Именно в это время Семен Мартынович часто просил меня помочь ему в чтении или в показе картин через «волшебный фонарь» (светоскоп). Это был примитивный показ обычных диапозитивов — картин на стекле, и посвящались они, как правило, историческим, сказочным или практически-жизненным сюжетам. Изображения, увеличенные через линзы «волшебного фонаря», действительно проектировались прямо на белую стену соседнего сарая. Местные крестьяне никогда не видели ничего подобного и смотрели на все это с восхищением. Для них, забитых и темных, «волшебный фонарь» нашего учителя прорезал кромешную тьму, которая царила над нашей Васильевкой, да и над всей тогдашней Россией…
Вскоре школа пополнила свою библиотечку. В ней стало значительно больше произведений лучших русских писателей и поэтов — Пушкина, Лермонтова, Гоголя, Некрасова, Тургенева, Лескова, Салтыкова-Щедрина, Толстого, Никитина, Кольцова. Постепенно большинство ребят пристрастилось к чтению, а для меня оно стало самым любимым, необходимым занятием.
Иногда учитель давал мне и свои личные книги, которые я по прочтении относил к нему домой. Семен Мартынович разговаривал со мной о прочитанном, подсказывал, что стоит почитать еще, иногда вспоминал свою жизнь. Он и его домашние просили заходить еще. Каждая встреча с этими культурными людьми все более расширяла мой кругозор, открывала передо мной что-либо новое.
Разница в возрасте не помешала нашему сближению. Я глубоко ценил Семена Мартыновича как педагога и человека. Однако уже в 1905—1906 годах мы по-разному оценивали политические события, а в 1915—1916 годах мы и вовсе разошлись с ним в политических убеждениях и почти прервали наши отношения. Но об этом более подробно будет сказано в другом месте…

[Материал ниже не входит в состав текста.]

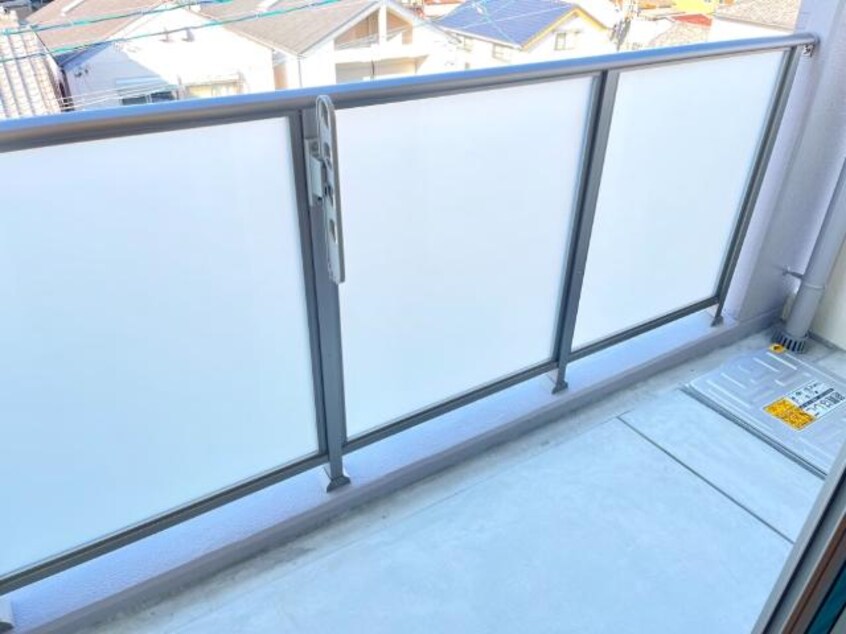 ベランダ ＮⅡルーチェ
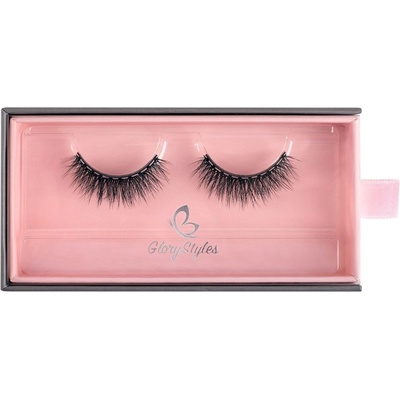 GloryStyles Magnetické řasy YC23 – Zboží Dáma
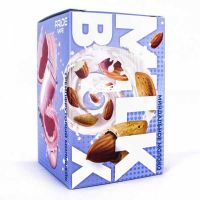 Boxes - Milk box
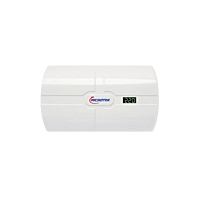 Microtek SMART EM5170+ Automatic Voltage Stabilizer for AC Up to 2.0 Ton Working Power 170V - 270 5V (White)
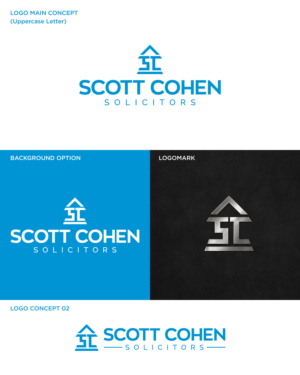 Diseño de Logo por SHbro para este proyecto | Diseño: #28301165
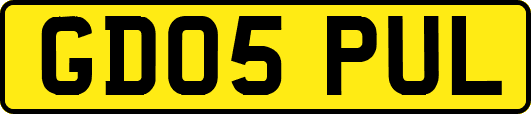GD05PUL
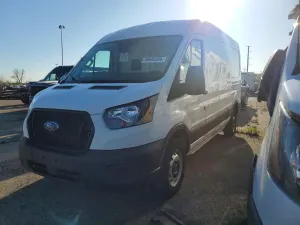 Ford Transit 3.5L 6 2023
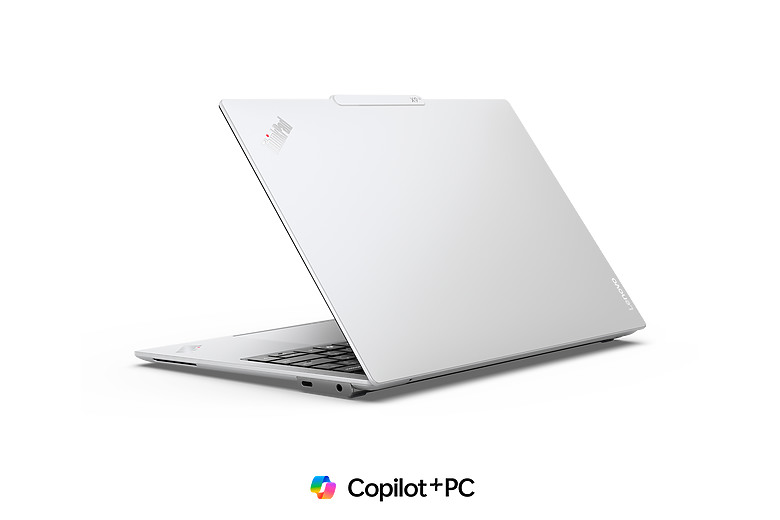 【IFA 2025】Lenovo 發表首款搭載 14 吋旋轉螢幕概念筆電 ThinkBook VertiFlex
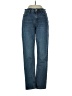 Reformation Blue Jeans Size 23 waist - photo 1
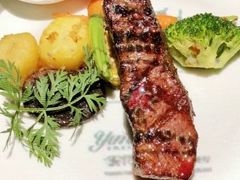 -云门锦翠(商鼎国际店)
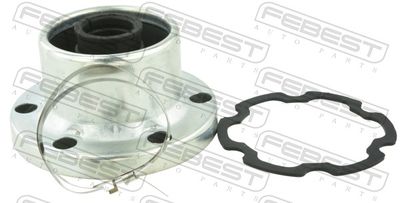 Пыльник кардана MERCEDES BENZ ML-CLASS 164 2004-2011 1615-164SA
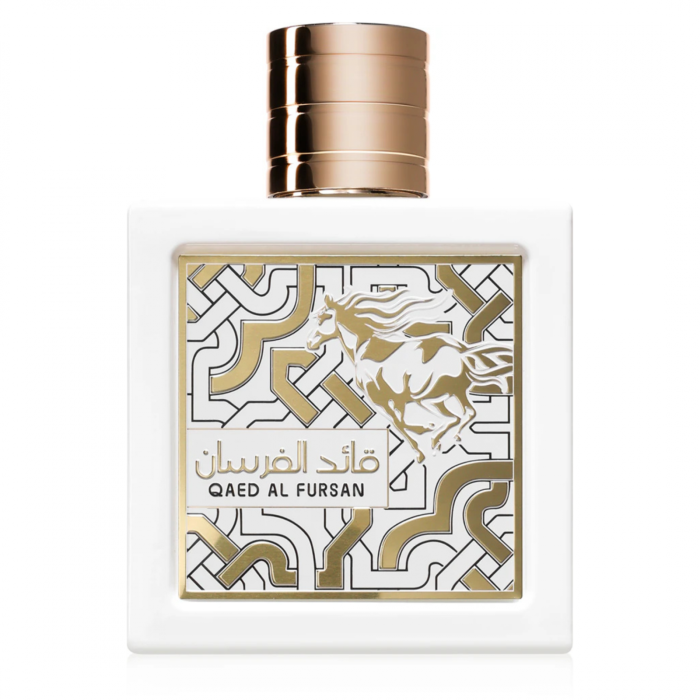 Qaed Al Fursan Unlimited 90ml - Apa de Parfum, unisex [1]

Подходил к концу второй год моей учебы. Ранней весной, как это часто бывало в селах, в нашей семье стало особенно тяжело: все припасы хлеба, картофеля, овощей, заготовленных на зиму, иссякли, и наступила пора полуголодного существования. Мне да и всей нашей семье стало ясно, что без моей работы не обойтись. И я пошел к учителю за советом.
— Не могу я больше учиться, Семен Мартынович, — сказал я ему, — пойду на заработки.
— А куда? — спросил он.
— Кто его знает, — ответил я. — Может быть, в имении работа найдется — пахать я умею; не будет ничего другого — снова в пастухи наймусь.
Семен Мартынович тяжело вздохнул и положил мне на плечо свою теплую руку.
— Ну что же, Клим, раз надо, так надо, — ободряюще сказал учитель. — Только о школе не забывай. Учиться можно и самостоятельно. Читай книги, заходи к нам. Я и вся моя семья будем всегда рады тебя видеть.
Работать в ту пору приходилось много, но я, пользуясь любезным приглашением, успевал хоть на несколько минут забежать к Рыжковым. И кого бы я ни застал дома, все они искренне интересовались делами и моими, и нашей семьи, говорили со мной как с равным. И от этого я проникался к ним еще большим уважением. Каждый раз я уходил от них с новыми впечатлениями и обязательно уносил с собой какую-нибудь книгу.